25. The optoelectronic device according to claim 8, comprising a plurality of light elements.

Description

BRIEF DESCRIPTION OF THE DRAWINGS

[0057] Other aspects, aims, advantages and features of the disclosure will better appear on reading the following detailed description of preferred embodiments thereof, given as a non-limiting example, and made with reference to the appended drawings in which:

[0058] FIG. 1 is a schematic sectional view of several steps of a manufacturing method according to the disclosure allowing obtaining an example of an optoelectronic device according to the disclosure where a secondary conductive element is arranged on the upper surface of the first insulating element and in contact with a light element and where a primary conductive element is arranged on the support face.

[0059] FIG. 2 is a schematic sectional view of several steps of a manufacturing method according to the disclosure allowing obtaining an example of an optoelectronic device according to the disclosure where a secondary conductive element is arranged on the upper surface of the first insulating element and in contact with a light element whose second electrode is projecting and where a primary conductive element is arranged on the support face.

[0060] FIG. 3 is a schematic sectional view of several steps of a manufacturing method according to the disclosure allowing obtaining an example of an optoelectronic device according to the disclosure where the secondary conductive elements are arranged on the upper surface of the first insulating element in contact with the first electrode of two light elements and the primary conductive elements are arranged on the support face.

[0061] FIG. 4 is a schematic sectional view of several steps of a manufacturing method according to the disclosure allowing obtaining an example of an optoelectronic device according to the disclosure where the secondary conductive elements are arranged in part on the support face and the primary conductive elements are arranged on the support face.

[0062] FIG. 5 is a schematic sectional view of several steps of a manufacturing method according to the disclosure allowing obtaining an example of an optoelectronic device according to the disclosure where the secondary conductive elements and the primary conductive elements are arranged on the upper surface of the first insulating element.

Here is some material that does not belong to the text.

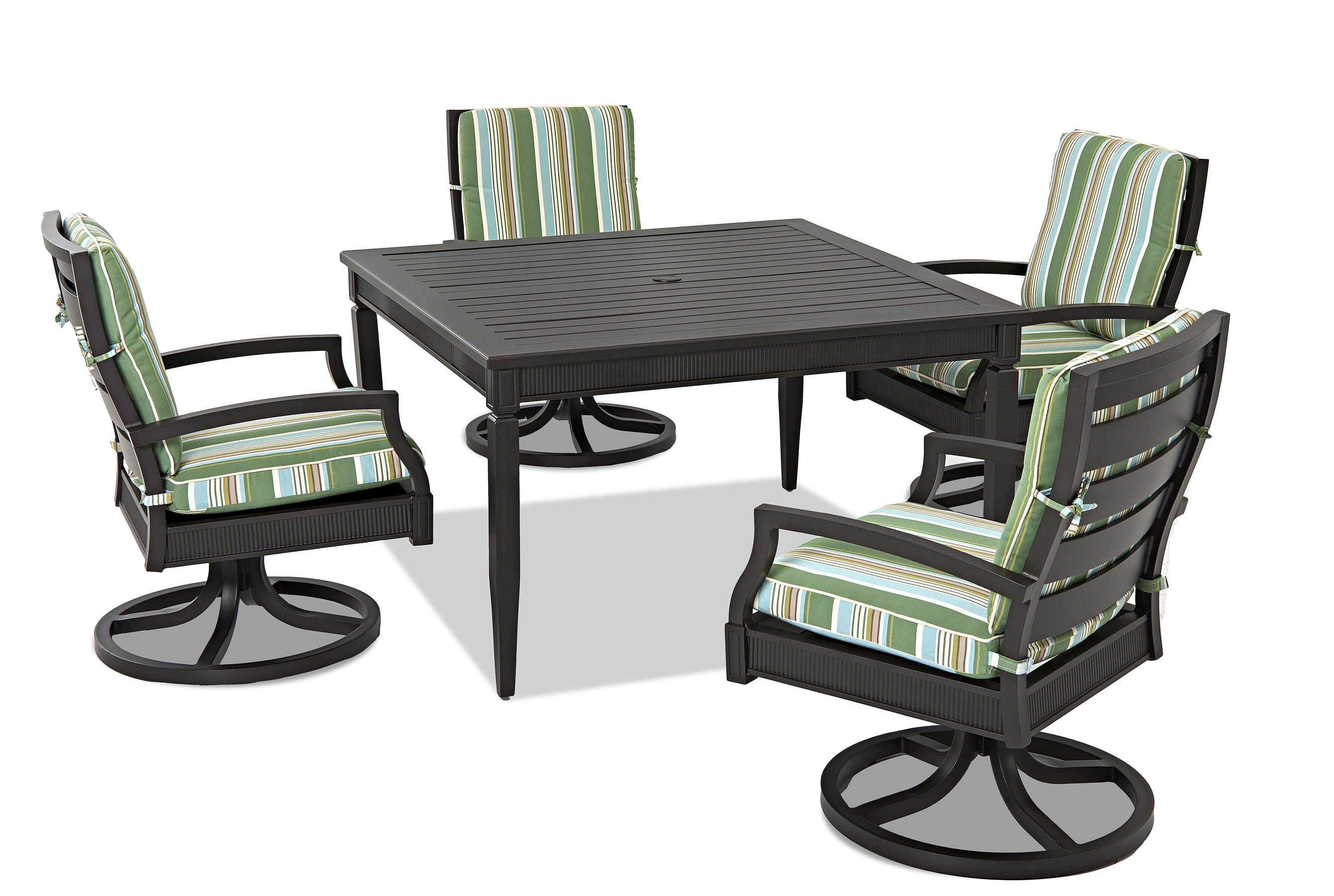Cerissa W4200 48 Outdoor Dining Sofas And Sectionals - 48 Square Dining Room Table Cerissa W4200 48 Outdoor Dining Sofas And Sectionals - 48 Square Dining Room Table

[0063] FIG. 6 is a schematic sectional view of several steps of a manufacturing method according to the disclosure allowing obtaining an example of an optoelectronic device according to the disclosure where the secondary conductive elements are arranged on the upper surface of the first insulating element and the primary conductive elements are arranged in part on the upper surface of the first insulating element and in part on the support face.

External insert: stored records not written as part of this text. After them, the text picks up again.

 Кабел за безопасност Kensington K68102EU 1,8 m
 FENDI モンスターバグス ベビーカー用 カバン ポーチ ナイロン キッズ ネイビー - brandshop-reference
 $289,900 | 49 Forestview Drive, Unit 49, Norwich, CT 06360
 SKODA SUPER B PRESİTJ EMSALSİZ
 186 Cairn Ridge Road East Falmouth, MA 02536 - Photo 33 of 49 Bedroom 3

[0064] FIG. 7 is a schematic top view of an example of an optoelectronic device according to the disclosure where the first connecting portions of the secondary conductive elements have respective spatial configurations which differ from one first connecting portion to another and where the spatial configuration adopted by each first connecting portion depends on the positioning of the light element with which it is in contact relative to the support, the first electrically insulating element being not represented.

[0065] FIG. 8 is a schematic top view of an example of an optoelectronic device according to the disclosure where the primary and secondary conductive elements are parallel, the first electrically insulating element being not represented.

[0066] FIG. 9 is a schematic top view of an example of an optoelectronic device according to the disclosure where the first main portion of one of the secondary conductive elements and the second main portion of one of the primary conductive elements are formed on the upper surface of the first electrically insulating element.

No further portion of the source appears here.